今日は少し年齢の大きい生徒たちのお話をしたいと思います。
それと共に私が主宰して、ほぼ2年に一度ドイツやスイスで行っている「若い人のためのマスタークラス」についても!
この「マスタークラス」が始まったのは2001年の夏のこと。
第一回はドイツのミュンヘンから電車で45分ほど行った美しい街、ヴォルフラッツハウゼンにおいてでした。
これよりさかのぼること数年前の夏、ちょっとしたご縁でヴォルフラッツハウゼンの「森の中に建つ家」をかなり長い間貸してもらえることになり、行ってみたところ何もかもすっかり気に入ってしまいました。
何しろご存知の方も多いと思いますが、夏のドイツはとても快適で朝早く陽が昇り、夜10時頃やっと夕方がやってくるのです。
そしてその家ときたら、緩やかな山の斜面に建っているログハウスで、何とも素敵です。
家全体が森に囲まれていて、南には子どもたちがミニサッカーができるほど広い庭が広がっています。
そのまま森につながっている裏庭にはポンとひとっとびで越えられるくらいの幅のきれいな小川が流れていて、澄み切った水の中に小さな魚が泳いでいます。
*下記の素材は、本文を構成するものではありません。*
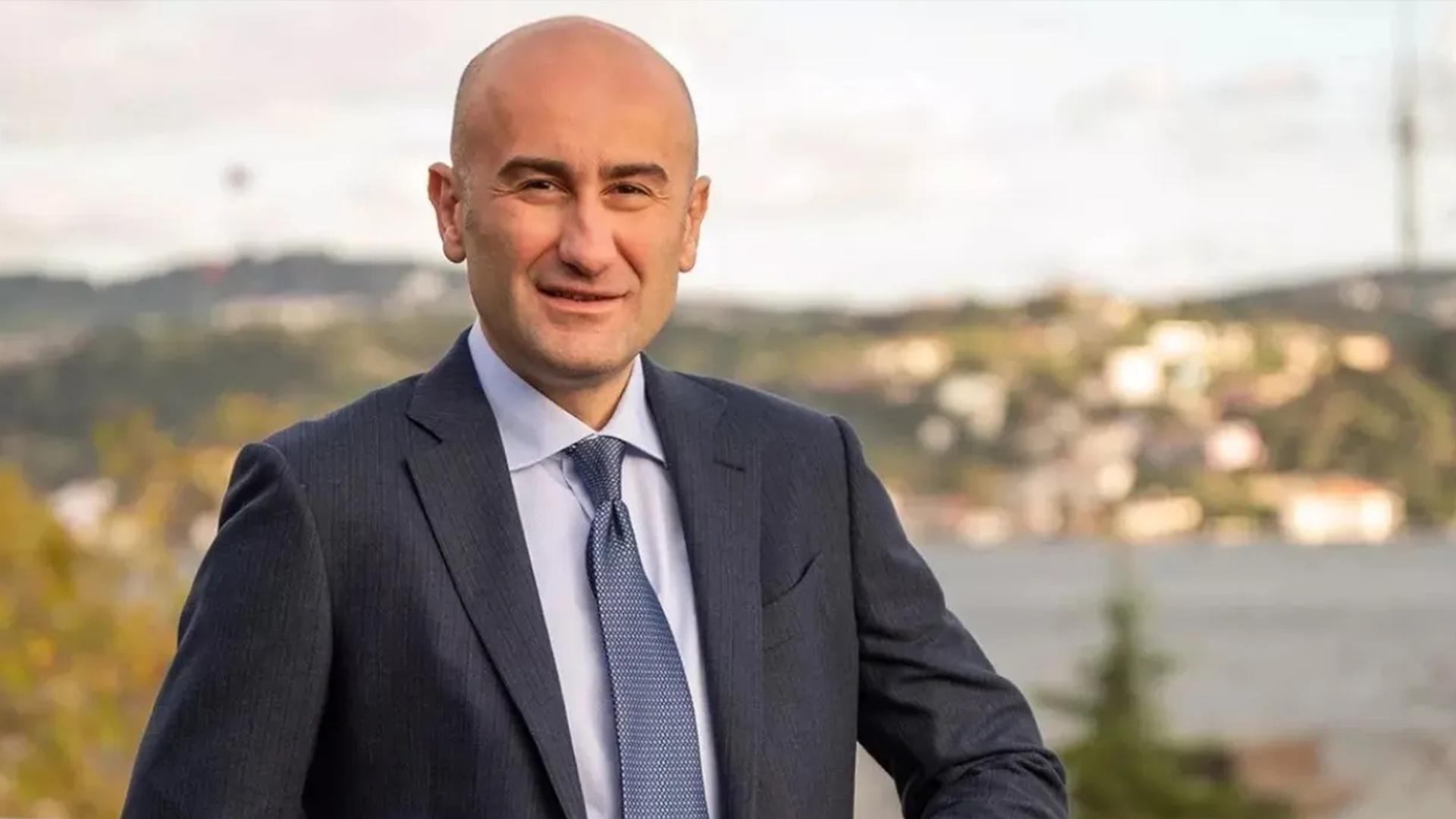 Terremoto en el Besiktas despiden ¡a su presidente!.mp4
夕方になるとたくさんの蛍が飛びかいます。
周りは美しい牧場や森、花々で飾られた家々、澄み切った空気と静けさ・・・
ふとシューマンの「森の情景」の美しい1節がうかびます。
多くのロマン派の作曲家たちが、そして印象派の画家たちもまた好んで描いた、「美しい森の情景」がそこにはありました。
(そしてあえて言うなら、もう半世紀以上前ですが!私の子供時代は埼玉にも東京にも、少し木々の種類は違いますが、このような森や林がそこいらじゅうにあって、誰でも散歩したり遊んだりできたものです。子供時代はよく暗くなるまでそのような森に遊んで過ごしました。)
久しぶりに木々の香りに包まれ私は、いつかこんな環境の中に生徒たちも連れてきてあげられたら・・・そしてレッスンができたら・・・と夢が膨らみました。
それから数年後、我が家の男と女の双子が中学1年生になりました。
男の子はピアノを、女の子はチェロをやっており、私の仕事柄、彼らと私の生徒たちが発表会や勉強会などで共に過ごすうちに大の仲良しになっていました。
そんな流れの中で、「よし、来年はうちの子供だけでなく、生徒のみんなも連れて行ってあげよう。」「ピアノの勉強だけでなく、ヨーロッパの文化に直接触れて、色々な刺激を受けてほしい。また向こうの人と交流を図る中で言葉を勉強することの大切さにも気付いてほしい・・・」などと考えるようになりました。
いよいよ私の夢が実現に向けて大きくなっていったのでした。
そして2001年の7月末、
わが子も含めた11人ほどの生徒たちの姿が、ヴォルフラッツハウゼンの森の中のログハウスにありました。